Would you transcribe each entry exactly as it stands, omitting the pictures?

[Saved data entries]
━━━

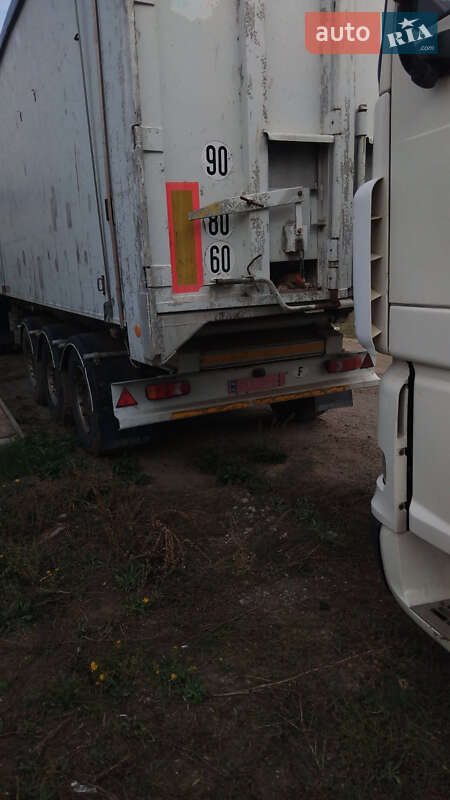 Самосвал полуприцеп Benalu Agriliner 2009 в Одессе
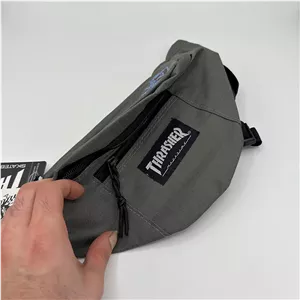 بادی بگ یا کیف ترشر Thrasher مدل کج استایل طوسی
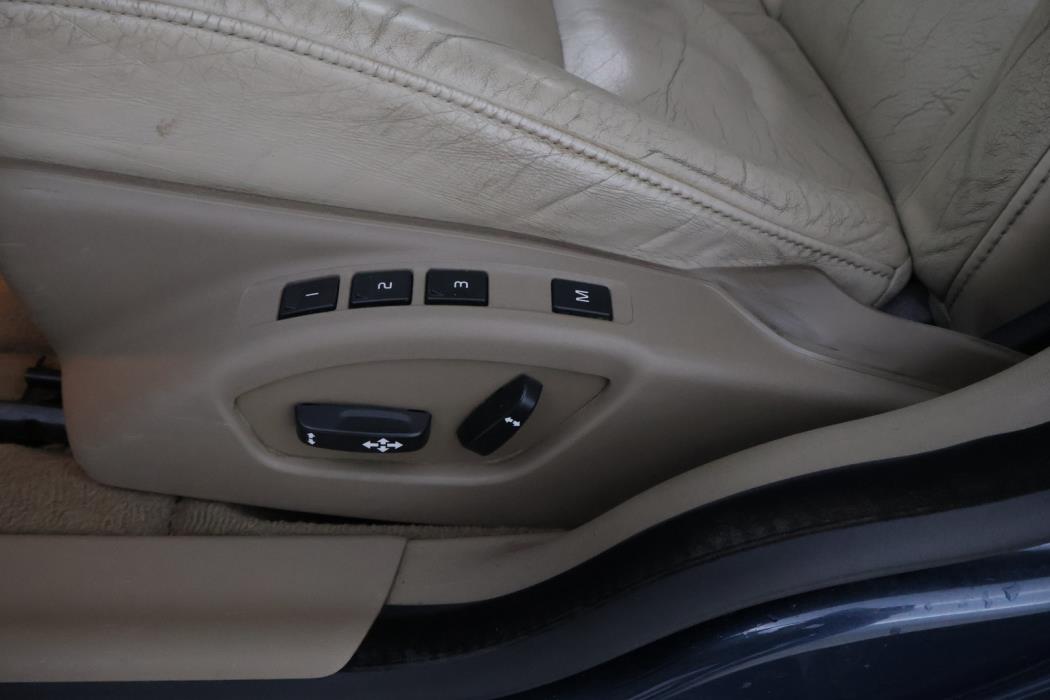 VOLVO V70 2008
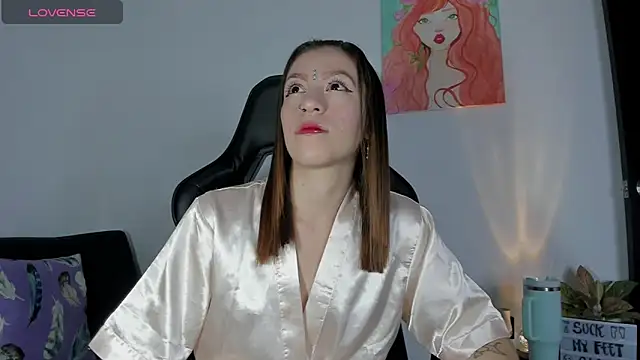 roxanne jones1 online show from April 17, 8:33 pm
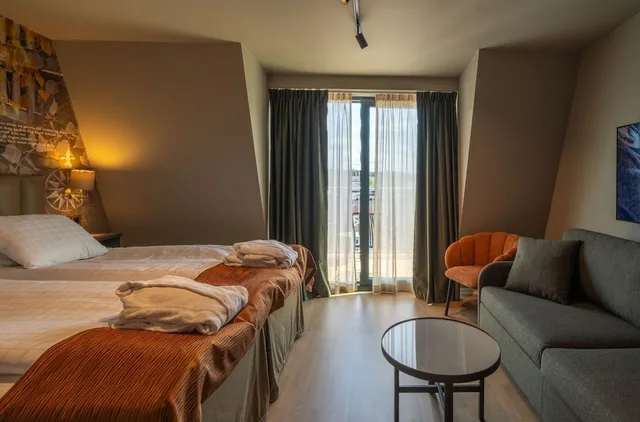 غرفة سوبيريور عائلية رباعية بسرير مزدوج مع أريكة، Scandic Arvika 3/10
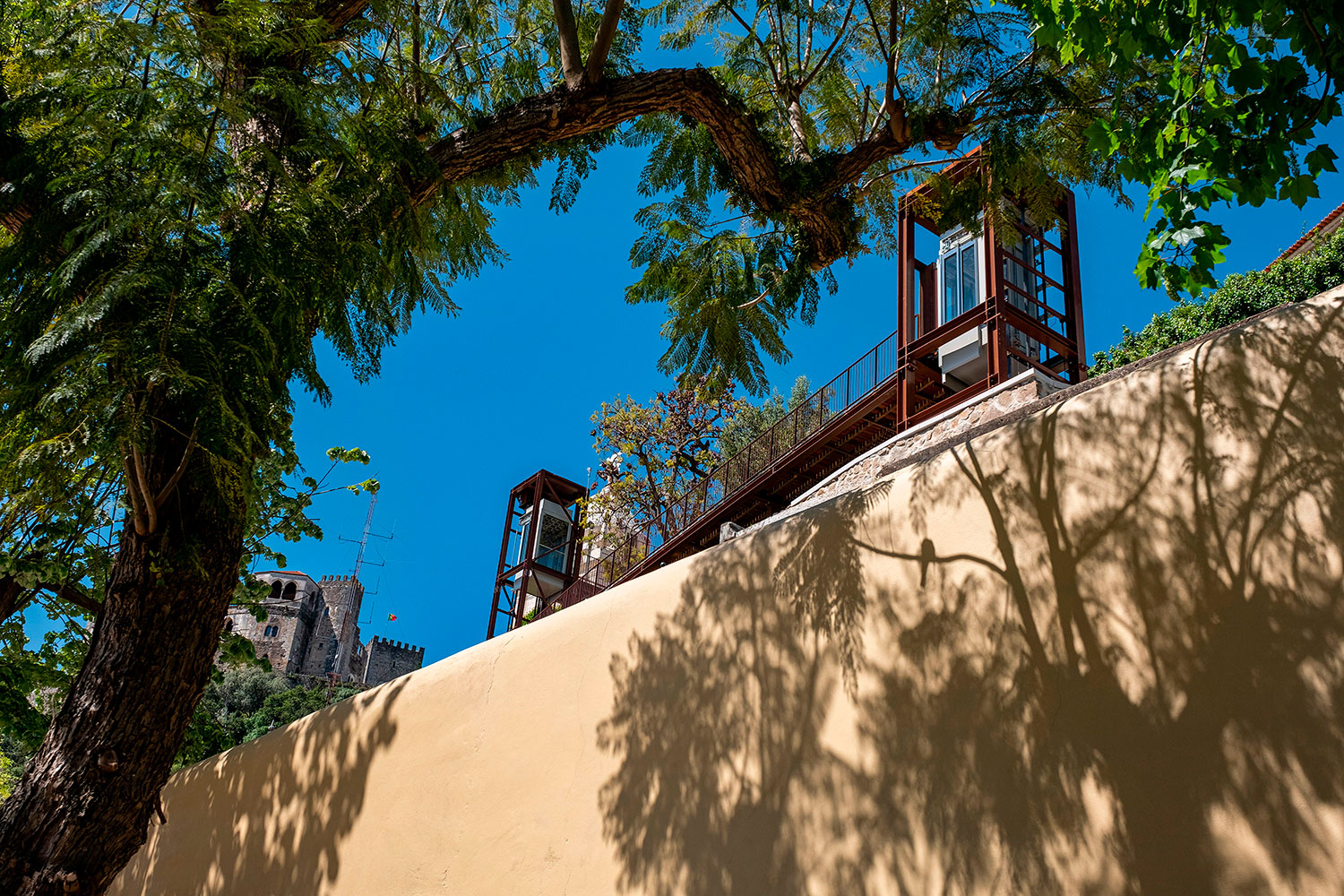imagem do elevador de acesso ao castelo pelo lado sul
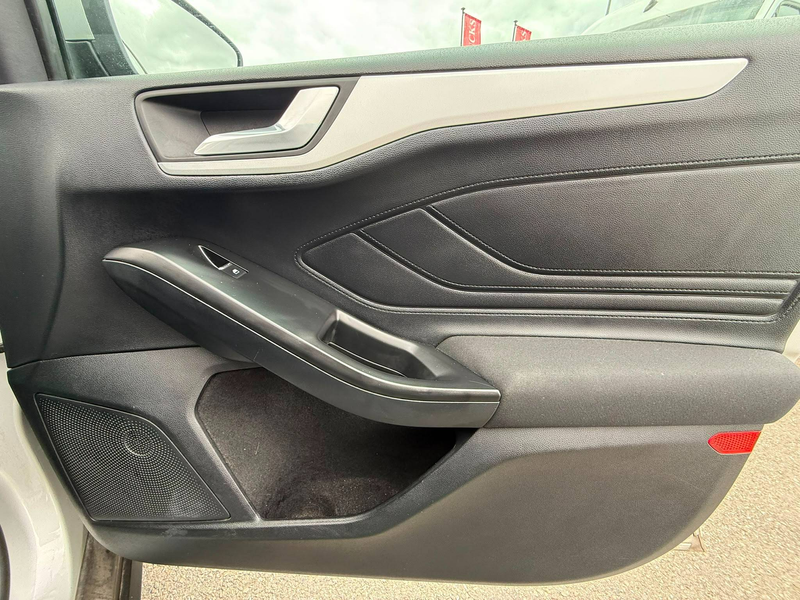 Ford Focus (Stock ID 84855) — photo 12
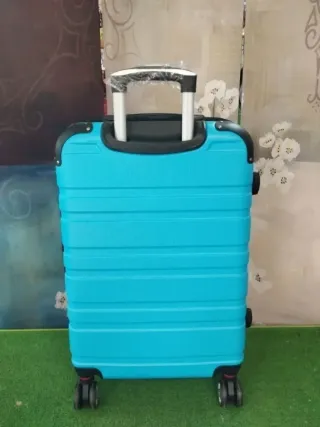 Maleta Mediana Extensible Nueva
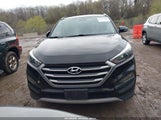 Hyundai Tucson Value KM8J3CA27HU572020 fotografie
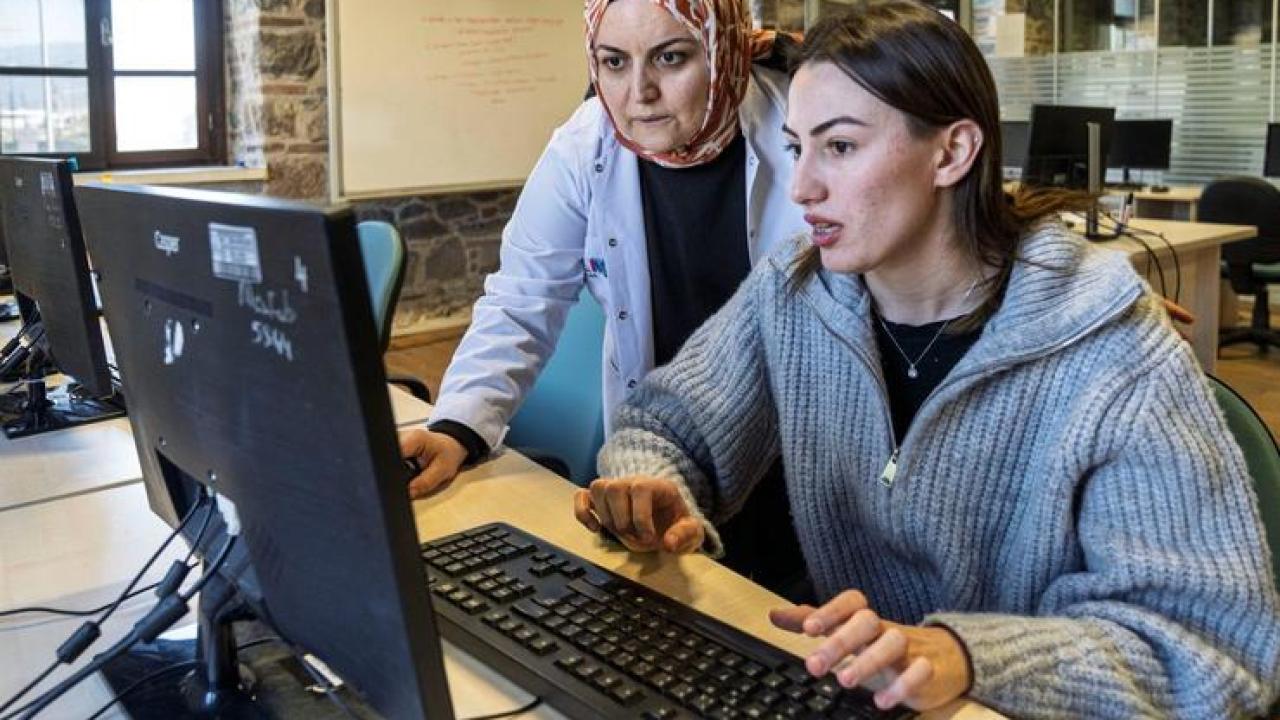 İzmir’in yeni başlangıçlara açılan kapısı: Meslek Fabrikası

━━━

* [Solution below]
 Самосвал полуприцеп Benalu Agriliner 2009 в Одессе
 بادی بگ یا کیف ترشر Thrasher مدل کج استایل طوسی
 VOLVO V70 2008
 roxanne jones1 online show from April 17, 8:33 pm
 غرفة سوبيريور عائلية رباعية بسرير مزدوج مع أريكة، Scandic Arvika 3/10
imagem do elevador de acesso ao castelo pelo lado sul
 Ford Focus (Stock ID 84855) — photo 12
 Maleta Mediana Extensible Nueva
 Hyundai Tucson Value KM8J3CA27HU572020 fotografie
 İzmir’in yeni başlangıçlara açılan kapısı: Meslek Fabrikası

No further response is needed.